Is the writhing supposed to be a reference to the buggy models from the unpatched launch game? If so, good on CD Projekt Red for having a sense of humor about the whole thing.
On some level, it all feels rather realistic and even relatable somehow — even if kind of gross.
Edgerunners doesn’t hand feed you the message “poor people don’t get treated well, and society is busted” with simple words. It shows you in David’s daily routine: He walks through his low-income neighborhood, gets slammed by his peers at school, and breaks through the vent to get into his apartment because the landlord denied access from the door. The very breakdown of society at this level of poverty is what drives him to go rogue and become a Cyberpunk.

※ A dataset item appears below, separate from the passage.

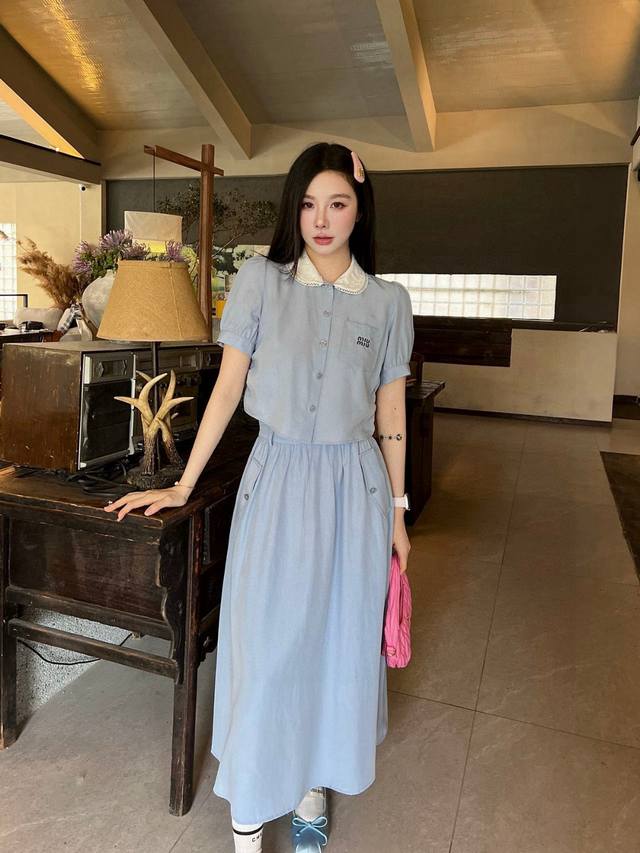 Miumiu缪缪口袋字母刺绣定制纽扣拼接翻领短袖衬衫半身裙套装 款号：25670704492 颜色：杏色 蓝色 尺码：Sml S码80-95斤 M码95-110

All things considered, the first two episodes are an excellent start for the 10-episode series. Based on that and some of the high-octane trailers, we’re all in for a wild ride.
CD Projekt Red wrote the Cyberpunk: Edgerunners story. And it’s animated by Studio Trigger, the anime house behind beloved action-packed series like Gurenn Lagaan, Kill La Kill, and Promare. So it comes with a certain pedigree attached. That alone is enough to prove that CD Projekt Red has something good going with its Cyberpunk universe, even if Cyberpunk 2077 didn’t stick the landing at launch.
I’m personally not all that interested in playing the game, but based on what I’ve seen thus far of the anime, I am definitely interested to see what happens to David next. You can see for yourself when Cyberpunk: Edgrunners launches on Netflix later this month.
Cyberpunk: Edgerunners will be released on Netflix on September 13, 2022 at 3:00 a.m. Eastern.